* EXERCISE
For every record, give an exact copy that has no pictures in it.

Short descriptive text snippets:

━━━━━━━━━━━━━━━━━━━━

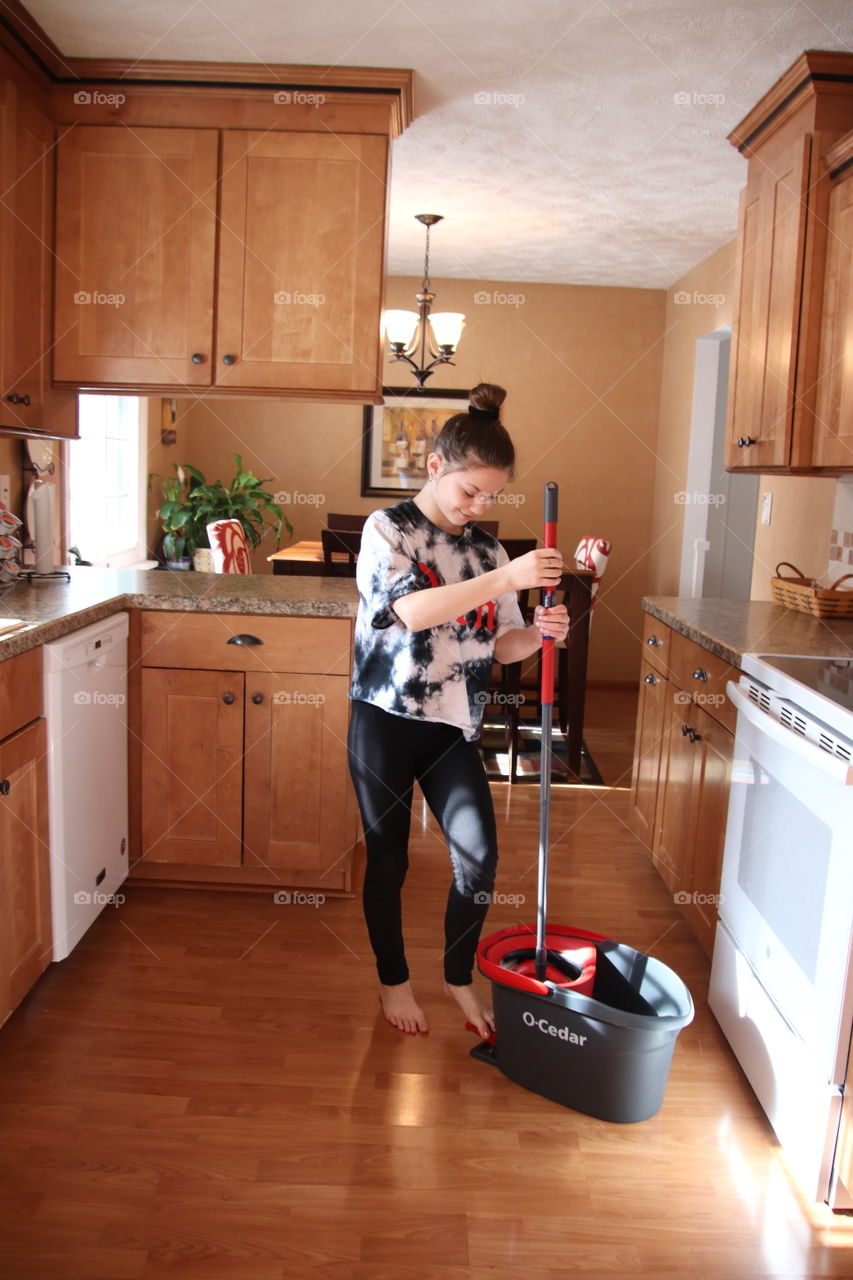 Girl using O-Cedar mop and bucket 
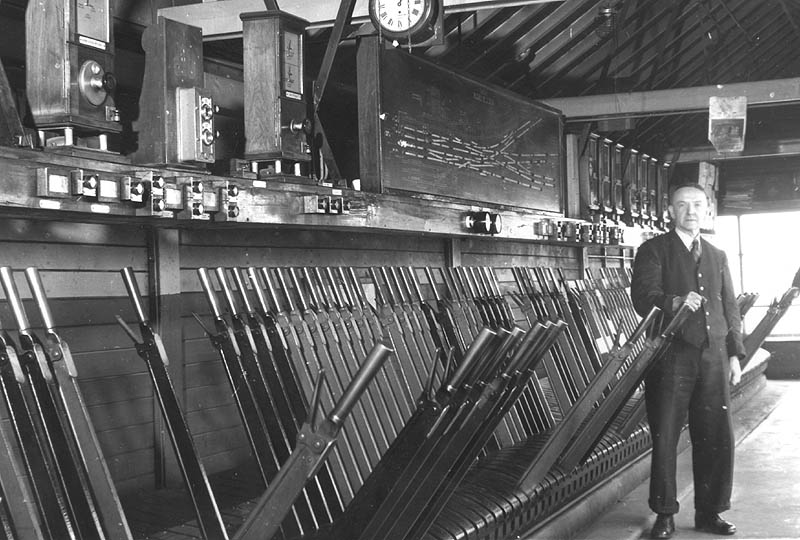 An internal view of Rugby's No 7 signal cabin with one of the 'bobbies' standing by its large lever frame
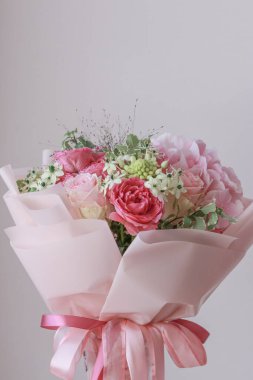 Pembe gül buketi, ortanca, yeşil okaliptüs yaprakları açık arkaplanda.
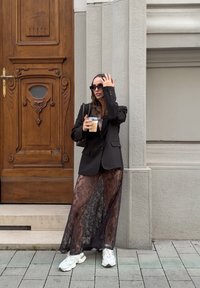 Čierny blazer cez priesvitnú čipkovanú sukňu, biele tenisky, držiac ľadovú kávu. Stojí pred drevenými dverami s dekoratívnymi detailmi.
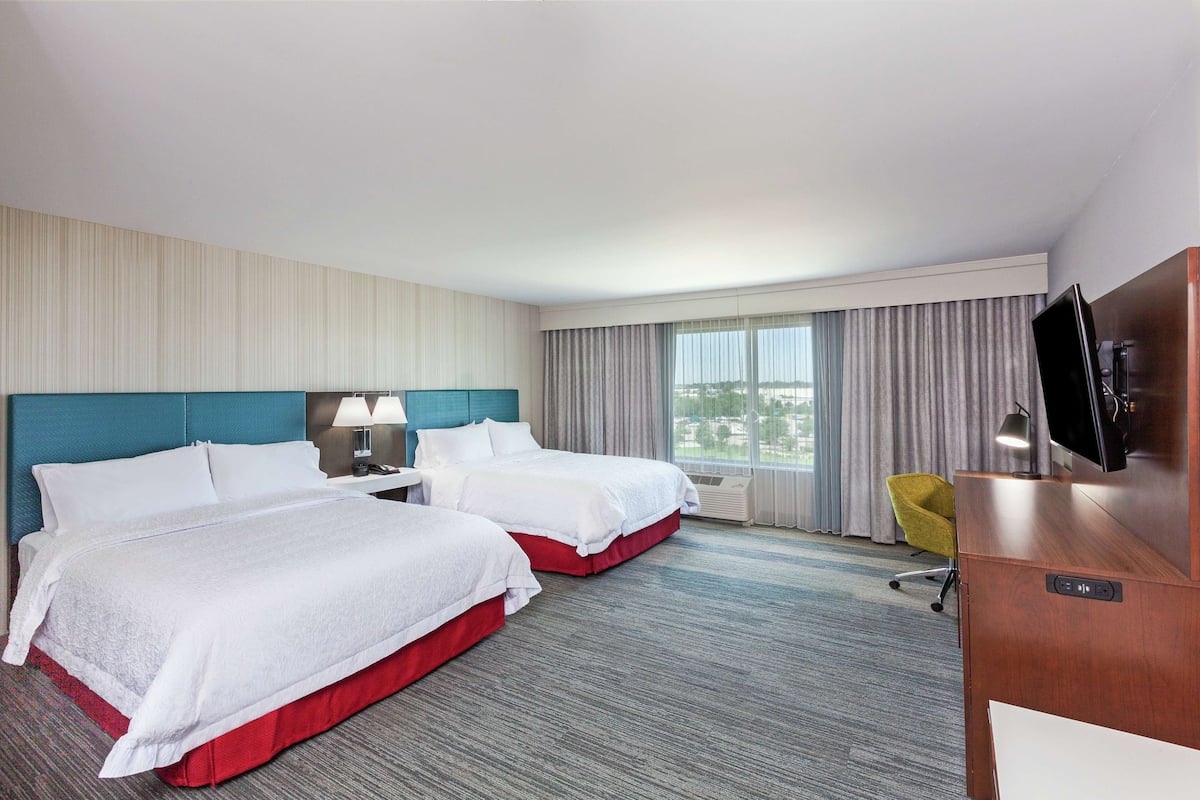 A hotel room with two beds, a desk, a chair, a TV, and a window with curtains.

━━━━━━━━━━━━━━━━━━━━

* WORKED SOLUTION
 Girl using O-Cedar mop and bucket 
 An internal view of Rugby's No 7 signal cabin with one of the 'bobbies' standing by its large lever frame
 Pembe gül buketi, ortanca, yeşil okaliptüs yaprakları açık arkaplanda.
 Čierny blazer cez priesvitnú čipkovanú sukňu, biele tenisky, držiac ľadovú kávu. Stojí pred drevenými dverami s dekoratívnymi detailmi.
 A hotel room with two beds, a desk, a chair, a TV, and a window with curtains.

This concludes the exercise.